Update #1 (07.19.15):

Sorry about the confusion. This was exactly as the problem was presented to me-- I reached out to stackexchange because I was seriously confused on what she was asking me to do. Seems as though the confusion was warranted... so... yay math?

Here is the problem I am working on:

Define a relation, $M$, on $\mathbb{Z} \times \mathbb{Z}$ by $(x_1,y_1) M (x_2,y_2)$ if and only if $x_1 \mid x_2$ and $y_1 \mid y_2$ is even.

Prove or disprove that $M$ is each reflexive, symmetric, transitive, and/or antisymmetric.

This is the problem, as it has been presented to me.
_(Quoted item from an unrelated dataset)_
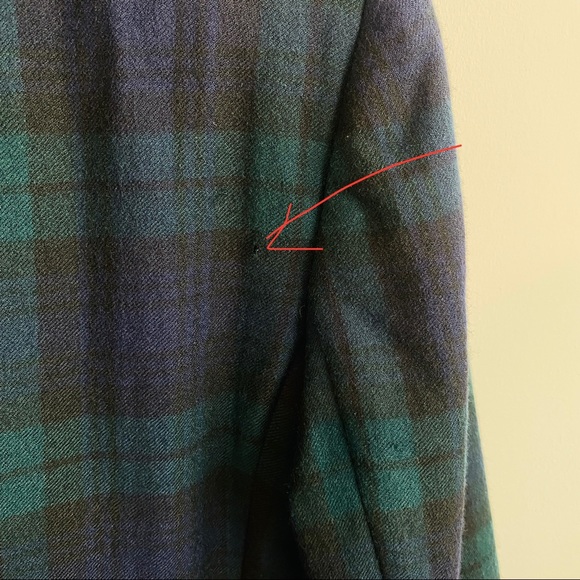 Vintage Forest Green, Navy Blue, with Black Plaid Check Single Breasted Blazer - Picture 10 of 10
I am curious about how to best approach this. Here is what I am thinking so far:

$M= \left\{(x,y) \in \mathbb{Z} \times \mathbb{Z}\mid x-y \in \mathbb{Z} \right\}$

Does this make sense as the start towards my relation? I don't feel like I've addressed the even portion of my problem, which is where I find myself stuck. If $x_1 \mid x_2$ and $y_1 \mid y_2$ is even, then I can state that:

$x_1-x_2 = 2k, k \ \in \mathbb{Z}$ and, $y_1-y_2 = 2j, j \ \in \mathbb{Z}$

But I'm not really sure where to work this into my relation. Suggestions or hints would be appreciated!

Once I get the relation worked out, I think I can figure out the reflexive, symmetric (etc.) portion of the problem.

Update: here is a screen shot of the problem.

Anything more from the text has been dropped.